'''

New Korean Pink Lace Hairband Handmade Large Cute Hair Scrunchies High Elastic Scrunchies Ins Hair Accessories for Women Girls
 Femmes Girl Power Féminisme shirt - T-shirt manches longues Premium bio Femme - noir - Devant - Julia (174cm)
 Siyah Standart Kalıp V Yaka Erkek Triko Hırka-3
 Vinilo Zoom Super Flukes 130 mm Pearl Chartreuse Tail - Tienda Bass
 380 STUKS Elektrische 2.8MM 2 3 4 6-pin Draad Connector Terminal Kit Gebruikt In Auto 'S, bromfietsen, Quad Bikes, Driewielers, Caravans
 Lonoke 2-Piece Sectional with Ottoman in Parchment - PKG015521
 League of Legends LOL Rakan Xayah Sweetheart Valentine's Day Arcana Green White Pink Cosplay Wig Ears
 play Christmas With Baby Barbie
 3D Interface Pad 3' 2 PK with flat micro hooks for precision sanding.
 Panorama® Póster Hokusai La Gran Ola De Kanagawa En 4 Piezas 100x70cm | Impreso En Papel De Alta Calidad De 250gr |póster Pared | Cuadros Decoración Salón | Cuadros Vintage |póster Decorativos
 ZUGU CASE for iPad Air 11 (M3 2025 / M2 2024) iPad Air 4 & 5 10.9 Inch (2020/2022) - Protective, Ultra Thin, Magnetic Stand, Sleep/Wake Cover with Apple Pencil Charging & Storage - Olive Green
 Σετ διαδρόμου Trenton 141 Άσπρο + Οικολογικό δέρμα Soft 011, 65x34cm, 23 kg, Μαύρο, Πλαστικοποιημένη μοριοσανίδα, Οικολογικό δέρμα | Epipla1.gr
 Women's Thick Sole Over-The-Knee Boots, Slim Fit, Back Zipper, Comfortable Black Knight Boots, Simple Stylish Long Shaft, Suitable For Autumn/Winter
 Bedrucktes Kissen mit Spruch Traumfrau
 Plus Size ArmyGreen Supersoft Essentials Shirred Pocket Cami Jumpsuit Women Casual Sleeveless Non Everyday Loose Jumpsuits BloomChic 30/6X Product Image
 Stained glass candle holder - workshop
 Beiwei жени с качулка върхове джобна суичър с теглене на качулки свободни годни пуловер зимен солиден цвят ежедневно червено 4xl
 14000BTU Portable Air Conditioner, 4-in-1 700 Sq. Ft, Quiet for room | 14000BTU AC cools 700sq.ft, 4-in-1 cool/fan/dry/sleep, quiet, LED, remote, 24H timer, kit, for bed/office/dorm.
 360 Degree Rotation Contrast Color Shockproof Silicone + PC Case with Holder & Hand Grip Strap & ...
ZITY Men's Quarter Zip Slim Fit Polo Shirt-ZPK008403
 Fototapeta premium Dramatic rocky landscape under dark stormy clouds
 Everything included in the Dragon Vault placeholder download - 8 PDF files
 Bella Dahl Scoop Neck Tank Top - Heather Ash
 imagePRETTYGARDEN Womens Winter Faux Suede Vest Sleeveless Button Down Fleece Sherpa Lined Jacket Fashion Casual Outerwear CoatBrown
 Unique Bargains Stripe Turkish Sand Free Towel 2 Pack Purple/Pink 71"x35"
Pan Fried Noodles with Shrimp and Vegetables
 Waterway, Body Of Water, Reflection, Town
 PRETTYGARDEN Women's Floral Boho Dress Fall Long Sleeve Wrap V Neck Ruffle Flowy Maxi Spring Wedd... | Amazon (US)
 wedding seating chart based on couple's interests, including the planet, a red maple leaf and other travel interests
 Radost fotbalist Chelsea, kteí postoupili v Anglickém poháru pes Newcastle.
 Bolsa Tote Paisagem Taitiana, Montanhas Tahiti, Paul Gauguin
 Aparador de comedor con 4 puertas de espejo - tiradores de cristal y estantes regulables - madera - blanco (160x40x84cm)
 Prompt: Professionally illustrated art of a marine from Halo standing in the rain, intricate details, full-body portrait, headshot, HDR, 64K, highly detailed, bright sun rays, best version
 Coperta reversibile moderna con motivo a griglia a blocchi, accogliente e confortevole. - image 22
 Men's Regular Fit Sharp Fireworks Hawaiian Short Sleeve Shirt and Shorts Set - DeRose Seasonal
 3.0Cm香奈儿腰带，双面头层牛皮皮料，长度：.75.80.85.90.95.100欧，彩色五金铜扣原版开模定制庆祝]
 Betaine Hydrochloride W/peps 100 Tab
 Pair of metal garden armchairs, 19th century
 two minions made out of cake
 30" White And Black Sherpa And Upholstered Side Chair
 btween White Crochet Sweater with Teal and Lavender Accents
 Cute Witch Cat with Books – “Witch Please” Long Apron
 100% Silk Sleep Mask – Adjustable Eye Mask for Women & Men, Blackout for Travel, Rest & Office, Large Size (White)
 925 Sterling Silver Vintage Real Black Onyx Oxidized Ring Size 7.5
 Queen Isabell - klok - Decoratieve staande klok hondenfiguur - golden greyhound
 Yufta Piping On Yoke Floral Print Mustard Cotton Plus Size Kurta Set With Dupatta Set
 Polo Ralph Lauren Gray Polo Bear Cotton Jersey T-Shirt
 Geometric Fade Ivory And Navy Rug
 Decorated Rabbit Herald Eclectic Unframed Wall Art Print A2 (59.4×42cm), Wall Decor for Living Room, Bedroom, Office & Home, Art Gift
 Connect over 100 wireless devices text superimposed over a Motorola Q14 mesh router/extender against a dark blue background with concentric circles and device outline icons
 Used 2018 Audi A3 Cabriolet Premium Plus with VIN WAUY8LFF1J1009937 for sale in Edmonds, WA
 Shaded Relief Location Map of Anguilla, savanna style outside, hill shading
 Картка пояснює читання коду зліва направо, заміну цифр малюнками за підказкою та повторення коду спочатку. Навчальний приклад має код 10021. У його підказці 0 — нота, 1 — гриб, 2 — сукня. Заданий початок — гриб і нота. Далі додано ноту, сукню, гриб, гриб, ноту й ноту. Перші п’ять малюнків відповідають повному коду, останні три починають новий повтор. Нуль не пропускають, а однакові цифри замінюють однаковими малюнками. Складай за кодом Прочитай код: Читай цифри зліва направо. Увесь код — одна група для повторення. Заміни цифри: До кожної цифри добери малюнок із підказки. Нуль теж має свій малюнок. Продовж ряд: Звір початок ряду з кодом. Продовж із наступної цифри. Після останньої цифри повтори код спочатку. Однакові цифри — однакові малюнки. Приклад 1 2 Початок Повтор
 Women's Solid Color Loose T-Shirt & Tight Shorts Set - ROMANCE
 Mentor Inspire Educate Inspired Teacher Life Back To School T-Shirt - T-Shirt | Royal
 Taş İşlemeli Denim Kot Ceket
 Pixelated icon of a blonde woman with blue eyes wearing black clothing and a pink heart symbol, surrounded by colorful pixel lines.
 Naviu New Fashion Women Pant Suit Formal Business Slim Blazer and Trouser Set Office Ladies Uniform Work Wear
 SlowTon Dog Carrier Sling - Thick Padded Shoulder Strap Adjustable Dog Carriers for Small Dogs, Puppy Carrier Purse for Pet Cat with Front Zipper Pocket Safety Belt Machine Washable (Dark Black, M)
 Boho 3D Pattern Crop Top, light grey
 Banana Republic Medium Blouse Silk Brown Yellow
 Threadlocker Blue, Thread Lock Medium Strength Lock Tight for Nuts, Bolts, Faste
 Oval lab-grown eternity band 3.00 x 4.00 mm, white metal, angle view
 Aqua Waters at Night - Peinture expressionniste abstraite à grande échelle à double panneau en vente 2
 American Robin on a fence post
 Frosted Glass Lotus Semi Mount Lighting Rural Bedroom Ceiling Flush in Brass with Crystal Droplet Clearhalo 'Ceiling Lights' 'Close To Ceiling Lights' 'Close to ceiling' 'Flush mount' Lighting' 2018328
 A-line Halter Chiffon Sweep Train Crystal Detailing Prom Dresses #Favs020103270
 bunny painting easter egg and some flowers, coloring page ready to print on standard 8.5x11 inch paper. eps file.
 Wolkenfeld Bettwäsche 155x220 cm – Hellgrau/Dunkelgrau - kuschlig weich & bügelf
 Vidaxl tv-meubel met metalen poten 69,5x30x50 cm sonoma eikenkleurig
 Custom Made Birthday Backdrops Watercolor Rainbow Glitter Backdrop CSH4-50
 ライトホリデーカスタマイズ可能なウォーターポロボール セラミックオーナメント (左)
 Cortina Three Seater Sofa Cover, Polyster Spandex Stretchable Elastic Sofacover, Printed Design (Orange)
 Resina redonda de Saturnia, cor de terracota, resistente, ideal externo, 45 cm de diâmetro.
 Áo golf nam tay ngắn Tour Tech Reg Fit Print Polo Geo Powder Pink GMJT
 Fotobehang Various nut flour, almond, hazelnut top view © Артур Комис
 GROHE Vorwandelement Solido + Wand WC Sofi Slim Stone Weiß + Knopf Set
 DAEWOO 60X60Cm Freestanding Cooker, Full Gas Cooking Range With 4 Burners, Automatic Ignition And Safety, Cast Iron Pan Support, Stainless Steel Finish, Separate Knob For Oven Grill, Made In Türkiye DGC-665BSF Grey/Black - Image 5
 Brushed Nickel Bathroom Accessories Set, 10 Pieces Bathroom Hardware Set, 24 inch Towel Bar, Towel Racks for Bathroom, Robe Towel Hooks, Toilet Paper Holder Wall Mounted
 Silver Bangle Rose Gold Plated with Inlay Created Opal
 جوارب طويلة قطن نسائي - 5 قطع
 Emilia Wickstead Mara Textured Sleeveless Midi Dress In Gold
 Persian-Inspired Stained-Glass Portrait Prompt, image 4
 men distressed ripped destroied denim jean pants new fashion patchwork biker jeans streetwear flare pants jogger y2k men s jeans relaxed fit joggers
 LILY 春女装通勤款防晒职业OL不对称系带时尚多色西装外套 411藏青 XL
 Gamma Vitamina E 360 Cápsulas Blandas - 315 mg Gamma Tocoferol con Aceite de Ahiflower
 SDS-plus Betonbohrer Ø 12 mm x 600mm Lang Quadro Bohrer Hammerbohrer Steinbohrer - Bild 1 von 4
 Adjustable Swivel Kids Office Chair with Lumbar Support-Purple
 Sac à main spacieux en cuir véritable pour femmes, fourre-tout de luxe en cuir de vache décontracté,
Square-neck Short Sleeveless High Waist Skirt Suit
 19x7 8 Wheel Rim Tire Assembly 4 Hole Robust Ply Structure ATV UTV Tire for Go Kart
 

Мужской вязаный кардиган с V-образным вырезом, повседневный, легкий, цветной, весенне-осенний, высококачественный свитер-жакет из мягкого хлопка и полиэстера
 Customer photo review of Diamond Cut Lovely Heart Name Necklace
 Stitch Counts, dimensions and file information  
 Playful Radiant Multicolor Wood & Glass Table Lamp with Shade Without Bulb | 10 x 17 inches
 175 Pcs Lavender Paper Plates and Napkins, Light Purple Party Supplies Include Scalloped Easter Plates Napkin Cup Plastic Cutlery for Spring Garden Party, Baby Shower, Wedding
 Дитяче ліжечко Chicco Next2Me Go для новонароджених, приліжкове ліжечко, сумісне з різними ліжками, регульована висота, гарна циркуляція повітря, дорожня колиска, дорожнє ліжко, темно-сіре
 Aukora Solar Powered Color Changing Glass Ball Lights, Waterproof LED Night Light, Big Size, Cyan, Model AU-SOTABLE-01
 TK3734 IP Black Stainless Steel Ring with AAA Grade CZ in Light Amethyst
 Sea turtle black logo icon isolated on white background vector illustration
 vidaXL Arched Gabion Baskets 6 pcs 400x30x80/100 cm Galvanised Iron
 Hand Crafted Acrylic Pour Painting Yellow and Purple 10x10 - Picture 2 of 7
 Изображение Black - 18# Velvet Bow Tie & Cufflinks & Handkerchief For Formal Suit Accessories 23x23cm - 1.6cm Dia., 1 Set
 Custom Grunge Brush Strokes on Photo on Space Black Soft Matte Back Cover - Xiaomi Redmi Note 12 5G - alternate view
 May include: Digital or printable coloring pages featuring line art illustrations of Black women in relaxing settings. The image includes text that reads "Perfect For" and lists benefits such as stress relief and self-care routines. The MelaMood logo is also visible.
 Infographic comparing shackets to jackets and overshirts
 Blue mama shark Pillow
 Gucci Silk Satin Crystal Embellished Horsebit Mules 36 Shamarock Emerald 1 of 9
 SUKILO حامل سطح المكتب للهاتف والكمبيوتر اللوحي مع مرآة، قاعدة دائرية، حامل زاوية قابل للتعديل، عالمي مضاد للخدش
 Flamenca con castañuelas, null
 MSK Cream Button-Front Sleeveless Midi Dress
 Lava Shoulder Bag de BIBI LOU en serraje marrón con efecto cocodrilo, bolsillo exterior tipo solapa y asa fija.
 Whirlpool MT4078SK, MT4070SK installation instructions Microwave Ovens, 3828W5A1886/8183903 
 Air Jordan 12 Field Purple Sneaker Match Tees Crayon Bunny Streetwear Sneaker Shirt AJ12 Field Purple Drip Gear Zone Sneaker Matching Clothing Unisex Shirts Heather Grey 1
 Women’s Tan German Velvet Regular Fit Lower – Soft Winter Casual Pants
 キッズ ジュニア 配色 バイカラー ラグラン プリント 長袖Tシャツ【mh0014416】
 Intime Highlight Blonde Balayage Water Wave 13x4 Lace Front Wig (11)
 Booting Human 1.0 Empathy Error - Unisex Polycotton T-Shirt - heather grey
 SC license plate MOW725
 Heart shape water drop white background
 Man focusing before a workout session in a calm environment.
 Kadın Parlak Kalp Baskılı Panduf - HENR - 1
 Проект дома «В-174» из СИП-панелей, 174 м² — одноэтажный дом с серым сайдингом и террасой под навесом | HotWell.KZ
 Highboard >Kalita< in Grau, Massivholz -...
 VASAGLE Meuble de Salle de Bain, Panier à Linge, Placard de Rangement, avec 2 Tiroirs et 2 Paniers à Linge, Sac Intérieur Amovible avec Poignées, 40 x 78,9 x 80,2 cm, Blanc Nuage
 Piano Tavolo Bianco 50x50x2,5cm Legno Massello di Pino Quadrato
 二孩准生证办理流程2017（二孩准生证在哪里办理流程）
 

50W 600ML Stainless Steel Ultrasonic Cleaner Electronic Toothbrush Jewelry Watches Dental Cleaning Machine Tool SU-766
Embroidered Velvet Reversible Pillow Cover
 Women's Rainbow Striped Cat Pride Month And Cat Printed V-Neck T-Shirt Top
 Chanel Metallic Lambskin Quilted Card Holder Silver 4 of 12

'''

What you are asked to do: Return all lines in the entries above that carry the word "Casual".

Response to this exercise:
 Plus Size ArmyGreen Supersoft Essentials Shirred Pocket Cami Jumpsuit Women Casual Sleeveless Non Everyday Loose Jumpsuits BloomChic 30/6X Product Image
 imagePRETTYGARDEN Womens Winter Faux Suede Vest Sleeveless Button Down Fleece Sherpa Lined Jacket Fashion Casual Outerwear CoatBrown
 Women’s Tan German Velvet Regular Fit Lower – Soft Winter Casual Pants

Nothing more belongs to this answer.